No podía decirse que había un tenue silencio, ya que se oía, claramente contrastante el ruido de motores y de lavarropas, de ventiladores y de secarropas, de automóviles a toda marcha y de camiones que se detenían a cargar y descargar mercadería, motocicletas que pasaban dejando estelas de humo y de aviones que surcaban el cielo a gran velocidad, de taladros agujereando alguna pared y percutores haciendo lo propio, desmalezadoras cortando el césped y sierras eléctricas serruchando ramas que se escuchaban caer pesadamente sobre el suelo, helicópteros que volaban a baja altura y camionetas destartaladas que hacían ruido de chapas flojas, y por si resultara escaso, el viento sin identidad que mecía las ramas de los árboles con furia. Había entonces ruido, sí, como el que propiciaba las implosiones de miles de universos a cada instante, y la música, con su magia, nos hacía proseguir, olvidando el dolor, la enfermedad y la muerte que atemorizaban con aterrizar como planeadores pidiendo pista sobre nosotros, que esquivábamos con elegancia. La intelectualidad era un drama que observábamos desde la primera fila, que a veces nos hacía reír, otras preocupar y en otras ocasiones no entendíamos qué era lo que expresaba. En estos casos, lo mejor que podíamos hacer era desentendernos, mirar con lejanía y oír el ruido de las palabras lo menos posible para no sentirnos afectados por la virulencia del palabrerío, tal como tantos millones de años de los cuales dataran los científicos para que la vida sea siempre y solamente ahora. El silencio, entonces, era sólo el trasfondo de la escena, entre palabra y palabra, el espacio sonoro entre cada acción que nos permitía intuir la paz, esa serenidad inexpresable, inexpugnable cuando estás en ella. “La música sería imposible sin el silencio”, me dijiste. Asentí, no quería discutir.
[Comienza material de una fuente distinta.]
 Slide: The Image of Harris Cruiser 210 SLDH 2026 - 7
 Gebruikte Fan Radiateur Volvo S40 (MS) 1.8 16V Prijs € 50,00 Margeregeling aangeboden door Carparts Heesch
-No, no es eso. No querés pensar. O no ves que lo inútil hace posible la utilidad de las cosas. –me reprochaste sin mirarme a los ojos, atravesándome y yéndote con la visión hasta perderte en el horizonte. Quisiste retratar el momento, pero me negué diciéndote que la magia no sale en fotos.
-Eso ni siquiera es tuyo, lo sacaste de una canción.-insististe. Te expliqué que lo que entra se transforma y se devuelve, pero estabas muy preocupada posando, para que la sonrisa parezca natural, no tenías atención para otras cosas, como la palabra, tan devaluada en los tiempos corrientes. Podríamos subvertir el silencio con miles de palabras sin decir nada, o al menos nada de peso, como el peso de cualquier imagen o video en un disco rígido.
-Incluso en la música, que pasó de escucharse a verse, perdió peso la palabra.
-Sos vos quien no tiene palabra. –seguiste con reproches.
-Para muestra, basta un botón.
-No entiendo tu desazón. Ahora podés decir lo que quieras con cientos de emojis.
Me caí de sólo pensarlo. Ni siquiera atinaste a tenderme la mano.
-Estás cansado… –dijiste algo más pero una procesión de camiones me impidió escucharte- …las acciones se sirven de la palabra para la comunicación, las expresiones no necesariamente comunican, son sólo eso: expresión.
-Sí, eso lo puedo entender.
-¿Entonces?
Fue entonces que me tomaste de la mano y nos quedamos sin palabras. La ciudad seguía obsequiando ruido, pero nosotros nos íbamos por la melodía que oíamos mediando miradas. Siempre quedaba algo por decir, esas charlas nunca se agotaban, le dábamos vueltas como rodeando una piscina a la que temíamos lanzarnos, sin saber si estaría demasiado fría el agua como para nadar en ella. No era cuestión de decir mucho más, a veces para avanzar bastaba un paso en falso, teníamos calor y el verano se anunciaba con coloridas imágenes de playas lejanas, tragos decorados y recitales tropicales. Nuestro viaje había comenzado hacía tiempo, era puro movimiento y parecía no tener destino físico. Podíamos olvidar el silencio cada vez que quisiéramos decir algo, levantando el tono para expresarlo por encima de la sonoridad de tantos motores, de tantas palabras en la cabeza erguida que nos oye.
-El tacto es comunicación. –me susurraste al oído.